Records drawn from a dataset ▸
|---|

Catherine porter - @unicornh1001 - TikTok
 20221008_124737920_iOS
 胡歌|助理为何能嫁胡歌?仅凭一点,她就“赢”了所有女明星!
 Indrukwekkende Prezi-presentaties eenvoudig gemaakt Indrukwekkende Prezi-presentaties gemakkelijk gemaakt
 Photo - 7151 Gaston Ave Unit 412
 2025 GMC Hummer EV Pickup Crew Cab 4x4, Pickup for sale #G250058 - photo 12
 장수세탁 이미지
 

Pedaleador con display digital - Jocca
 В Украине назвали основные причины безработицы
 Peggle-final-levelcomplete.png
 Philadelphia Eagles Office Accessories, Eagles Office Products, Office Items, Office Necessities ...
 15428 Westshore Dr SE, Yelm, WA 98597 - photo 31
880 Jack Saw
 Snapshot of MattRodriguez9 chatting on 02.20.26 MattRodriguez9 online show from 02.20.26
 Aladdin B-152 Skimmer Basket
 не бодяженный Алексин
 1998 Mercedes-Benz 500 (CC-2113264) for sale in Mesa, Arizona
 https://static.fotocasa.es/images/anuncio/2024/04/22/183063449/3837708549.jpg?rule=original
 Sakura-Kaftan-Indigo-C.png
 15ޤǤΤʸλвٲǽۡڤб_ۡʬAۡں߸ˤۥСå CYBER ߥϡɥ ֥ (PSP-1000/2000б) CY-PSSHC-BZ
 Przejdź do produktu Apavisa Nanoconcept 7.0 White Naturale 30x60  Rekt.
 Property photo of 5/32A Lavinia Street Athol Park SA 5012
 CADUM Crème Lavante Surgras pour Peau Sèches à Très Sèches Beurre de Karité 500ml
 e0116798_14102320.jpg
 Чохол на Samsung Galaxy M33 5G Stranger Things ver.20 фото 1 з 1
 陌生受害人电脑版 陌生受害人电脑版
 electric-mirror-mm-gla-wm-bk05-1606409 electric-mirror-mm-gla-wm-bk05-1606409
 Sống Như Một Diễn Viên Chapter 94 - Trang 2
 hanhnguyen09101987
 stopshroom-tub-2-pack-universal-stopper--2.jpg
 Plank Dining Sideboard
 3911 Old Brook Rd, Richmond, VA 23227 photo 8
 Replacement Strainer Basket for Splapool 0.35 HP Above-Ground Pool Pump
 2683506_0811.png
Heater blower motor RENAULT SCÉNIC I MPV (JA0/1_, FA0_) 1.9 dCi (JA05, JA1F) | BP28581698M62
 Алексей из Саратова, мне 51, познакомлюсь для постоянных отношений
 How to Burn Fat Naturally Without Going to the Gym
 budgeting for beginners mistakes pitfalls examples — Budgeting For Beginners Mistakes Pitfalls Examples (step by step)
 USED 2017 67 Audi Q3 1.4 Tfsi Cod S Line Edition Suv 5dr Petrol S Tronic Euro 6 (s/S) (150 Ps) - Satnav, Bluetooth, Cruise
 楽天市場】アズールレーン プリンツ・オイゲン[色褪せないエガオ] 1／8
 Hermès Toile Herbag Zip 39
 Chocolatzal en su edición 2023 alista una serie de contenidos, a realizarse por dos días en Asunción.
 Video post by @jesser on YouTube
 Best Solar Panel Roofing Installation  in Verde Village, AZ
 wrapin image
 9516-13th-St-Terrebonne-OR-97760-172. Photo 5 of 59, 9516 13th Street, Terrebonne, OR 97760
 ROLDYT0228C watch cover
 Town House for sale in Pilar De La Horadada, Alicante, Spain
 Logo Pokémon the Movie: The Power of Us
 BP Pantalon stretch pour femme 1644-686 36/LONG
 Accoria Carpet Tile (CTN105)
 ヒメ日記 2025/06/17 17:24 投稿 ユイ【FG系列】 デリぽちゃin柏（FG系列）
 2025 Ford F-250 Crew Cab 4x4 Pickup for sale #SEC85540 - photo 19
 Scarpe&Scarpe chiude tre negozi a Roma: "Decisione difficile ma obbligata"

|---|

What needs to be done ▸
Which lines of the data contain the string "Street"? Copy each one.

Your response ▸
 Property photo of 5/32A Lavinia Street Athol Park SA 5012
 9516-13th-St-Terrebonne-OR-97760-172. Photo 5 of 59, 9516 13th Street, Terrebonne, OR 97760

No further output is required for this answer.